→ **Your goal**
The answer must be an exact copy of the records, with every picture left out.

### Data shown ###

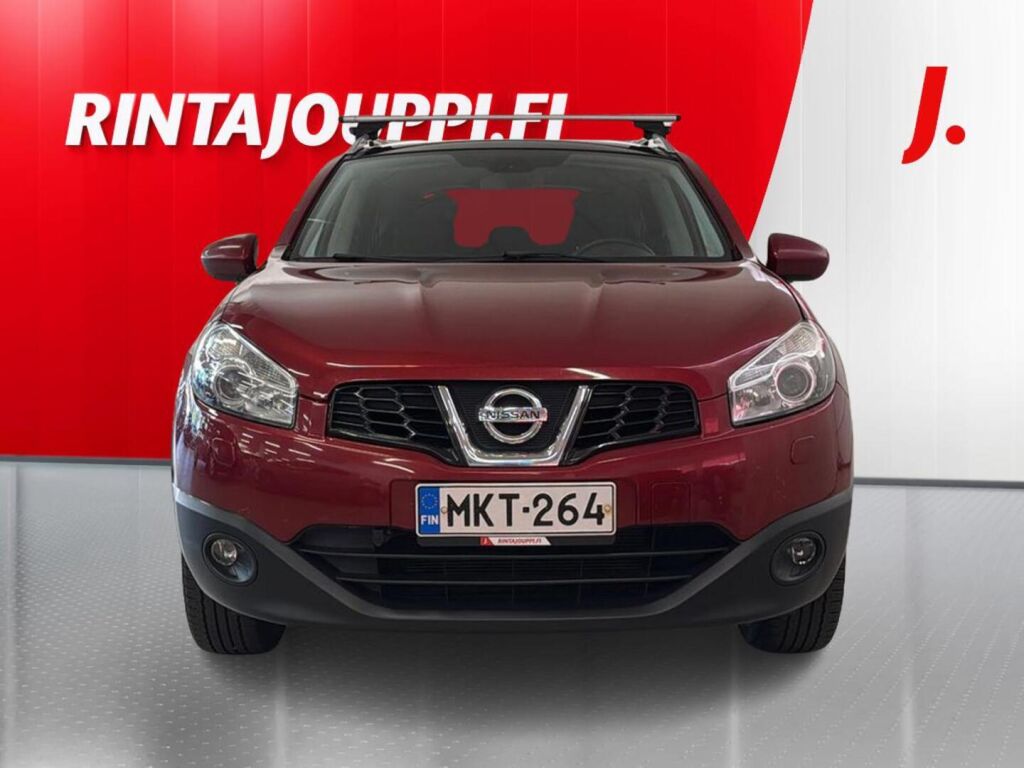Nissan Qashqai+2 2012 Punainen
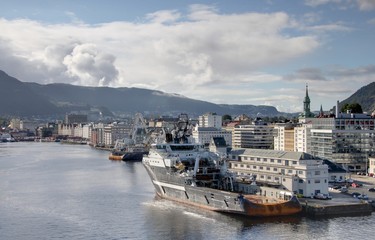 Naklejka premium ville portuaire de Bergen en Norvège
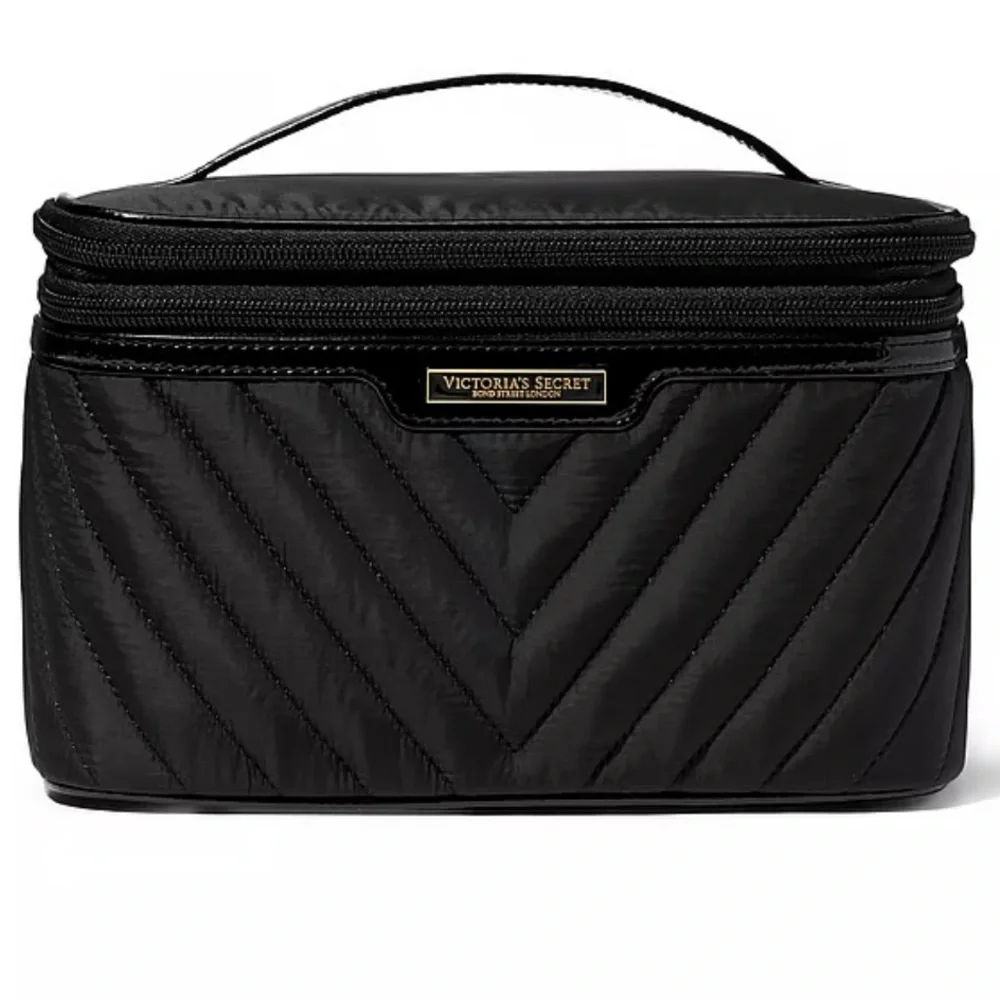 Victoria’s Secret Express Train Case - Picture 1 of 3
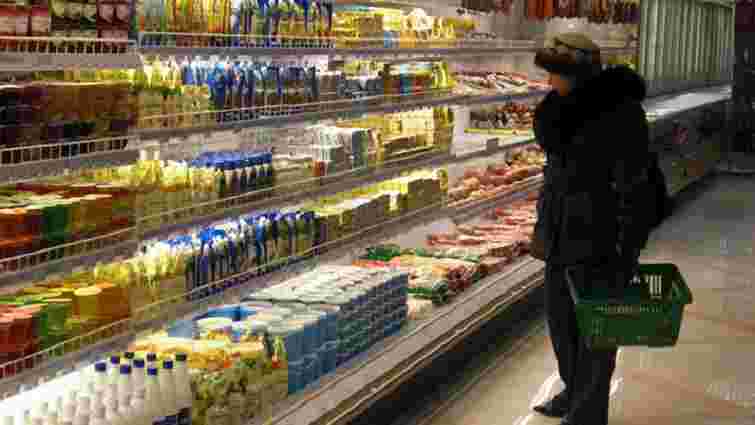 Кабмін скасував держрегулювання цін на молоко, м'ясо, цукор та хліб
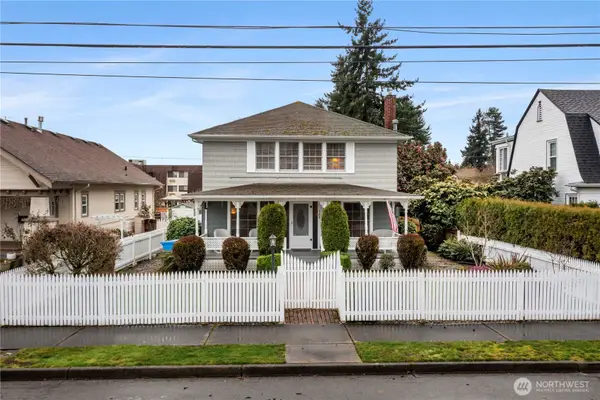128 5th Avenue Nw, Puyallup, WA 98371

###

→ **Your response**
Nissan Qashqai+2 2012 Punainen
 Naklejka premium ville portuaire de Bergen en Norvège
 Victoria’s Secret Express Train Case - Picture 1 of 3
 Кабмін скасував держрегулювання цін на молоко, м'ясо, цукор та хліб
128 5th Avenue Nw, Puyallup, WA 98371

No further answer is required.